The first vehicle to go was the CRV. Timing belt. YEAH. Now the poor thing needs a new motor--that is NOT cheap. That was Friday night. On Tuesday (which for other reasons seemed like the worst day of both mine and Attrition's life) the truck blew a belt. It is in pieces in the driveway where the attempt to repair it was foiled by darkness and rain. The free parts are in my bedroom--yes, I said my BEDROOM--because the cat pack would spread them from one end of the house to the other. The half truck...wait...they're both trucks. OK one is an SUV. The half-truck needs an entire exhaust system because the one it HAD is 85% missing. How it keeps running is a mystery. The half-SUV has had just about every part replaced that we can reasonably afford. And, no, two half-trucks don't make a whole.
So. Tomorrow, I'm going to take the truck that sounds like a Harley to school with me. I really am gonna need a sign that says...Oh, I don't know..."Please don't stare"...OR..."Shut up and get back in the Beemer your daddy bought you." That was rude. But true. Taking classes near the nation's number one planned community makes the way my family lives look like the Clampetts at times and usually I have no trouble with this, but you just don't see anyone's legs sticking out from under their cars around here. Ever, come-to-think-of-it. And I've lived in this area since 1990.
What a sad thing! I remember playing outside while my dad did his own oil changes out in the driveway as did all the other dads. Moms lined their chairs up between the houses and chattered. There was barbecue. We ran in packs--the kids, that is. Now, well, that sounds like an archaic, ridiculous, but imaginative dream.
However archaic or ridiculous, I still wish that dream were real. That my boys could run around our land without having to do anything but say "I'm goin' out mom!" and I could say, "Be back before dark!" Or maybe I'd have a little bell like Christine Johnson's mom and they'd have to stay where they could hear it and come when I rang. I don't know. All I know now is that they aren't as free as they once were to learn how to explore on their own. When do they develop that kind of independence? When they're sixteen and can finally explore on their own with a giant metallic death machine. Nice. I can try to give my children experiences to explore, but the point is that if I am a "good" mother these days I don't really leave them in situations where they are truly independent. Just hang in there for a minute with me.

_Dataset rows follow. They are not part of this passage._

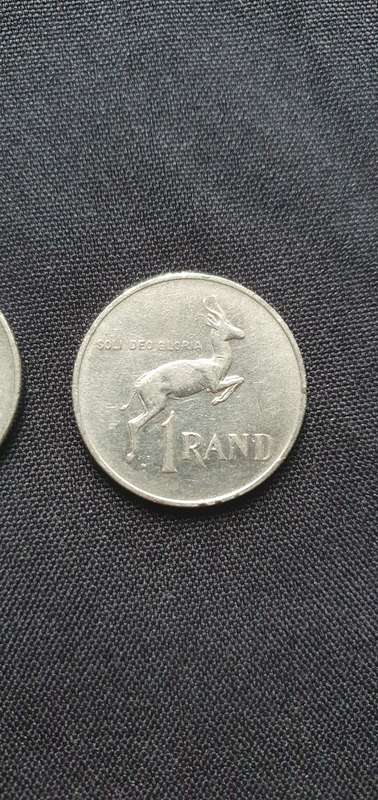 South African 1 Rand Coin 1977, 1988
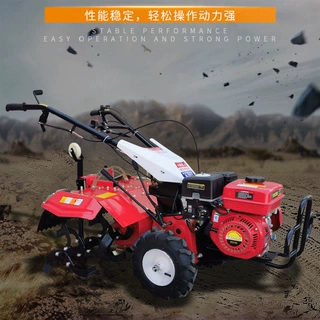 工厂直发四驱旋耕机 多功能果园施肥开沟机 大马力柴油微耕机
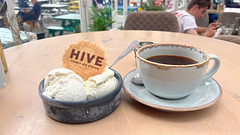 Coffee and icecream at Hive in Aberaeron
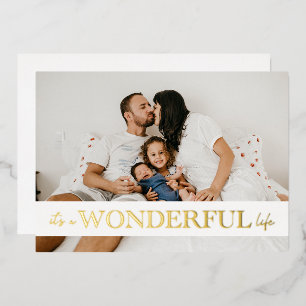 It’s A Wonderful Life Photo Foil Holiday Card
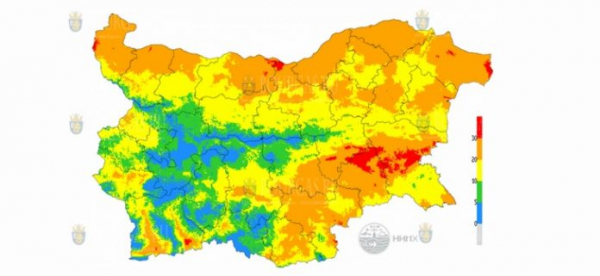 9 сентября в 11 областях Болгарии объявлен Красный код пожароопасности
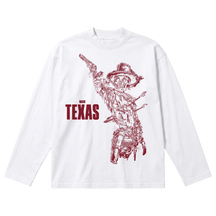 Texas Baggy L/S Tee - White - Front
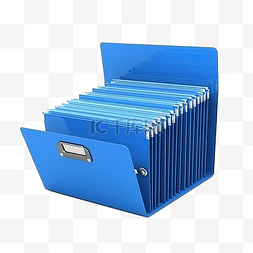 文件夹蓝色文件夹图片_3d 渲染文件存储与隔离的蓝色文件
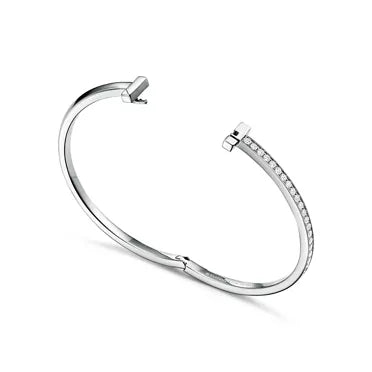 Tiffany T T1 Narrow Hinged Bangle in Platinum — Modern Elegance and the Iconic Spirit of New York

You see, when Attrition's car lost it's timing belt, he was on an isolated piece of road between Houston and a Lake about an hour-and-a-half away. It's a cellular dead-zone. Assuming you have a phone and survive the experience uninjured, you need to know what to do. Attrition and I, we know that. Not just because we were taught what to do, but because we had little experiences of being alone when things went wrong. Those little experiences got bigger over time--not out of neglect or maltreatment, but because we were allowed and able to accept greater and greater responsibilities and because it was safe to leave us to do so at the time. Now that, well, it isn't safe to do so...
I wonder sometimes.
OH, and Tuesday really stank for me 'cause the Gross Anatomy practical was sprung on our class two days early and on the same day as a lecture exam on the skeletal system's anatomy and physiology...only 1500 bones/bone markings on the practical. That's all. This exam is regulated by the school, so every student takes the same one versus the others that vary from professor to professor. Makes it harder to study for. Yes, three people actually broke down in tears. No word yet as to whether or not the other classes had their practicals given to them two days early. I sorta doubt it. I'm not even gonna touch Attrition's bad day...made mine a cake walk.